7. Sprinkle this mixture over the batter in the pan.
8. Bake until a cake tester inserted in the center comes out clean, about 45 min. Serve warm...or cold.

Caramel Cheesecake

2 cups crushed vanilla wafers
6 Tbsp. butter, melted
1 14-oz pkg. vanilla caramels
1 5-oz. can evaporated milk
1 cup chopped pecans, toasted
2 8-oz pkg. cream cheese softened
1/2 cup sugar
1 tsp vanilla
2 eggs
1/2 cup semisweet chocolate pieces, melted and slightly cooled
Caramel ice cream topping (optional)
Whipped cream (optional)

1. Preheat oven to 350. In medium bowl. combine crushed wafers and butter. Press onto bottom and about 2 inches up side of 9-inch spring form pan. Bake for 10 minutes; cool.

2. In medium saucepan, combine caramels and evaporated milk. Cook and stir over low heat until smooth. Pour into crust-lined pan. Sprinkle with pecans. Chill until needed.

3. In large bowl. combine cream cheese sugar and vanilla. Beat with electric mixer on medium speed until combined. Add eggs all at once; beat on low speed just until combined. Stir in melted chocolate. Pour mixture over caramel layer.

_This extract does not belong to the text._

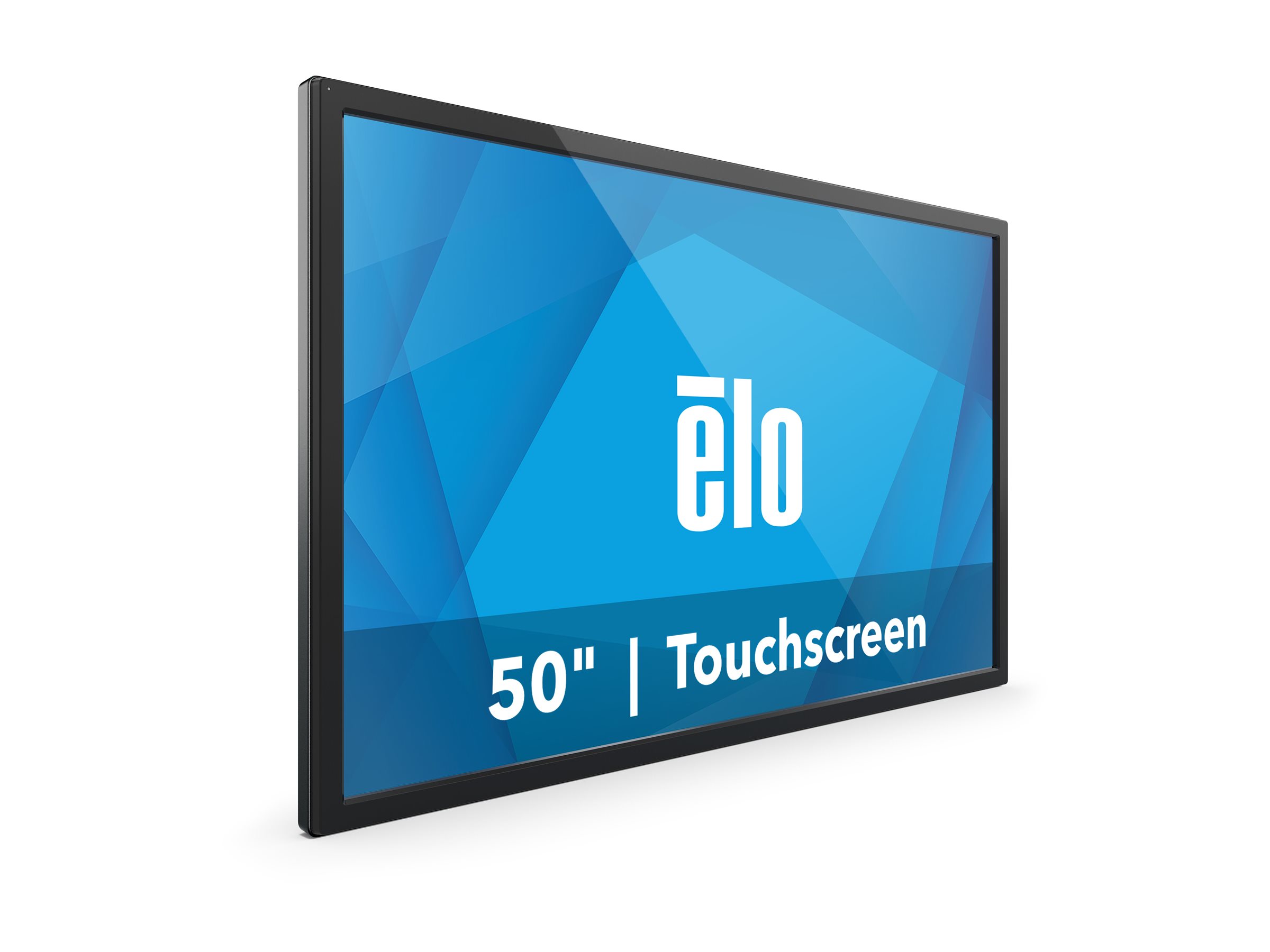 Elo Touch Solutions Elo 5054L - Commercial Grade - LED-Monitor - 127 cm (50")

4. Bake about 40 minutes or until center appears nearly set when gently shaken. Cool on wire rack for 15 minutes. Loosen crust from side of pan; cool. Cover and chill for 4 to 24 hours.

5. Let cheesecake stand at room temperature for 20 minutes. If desired, garnish with additional melted chocolate, caramel topping, whipped cream, and additional chopped pecans.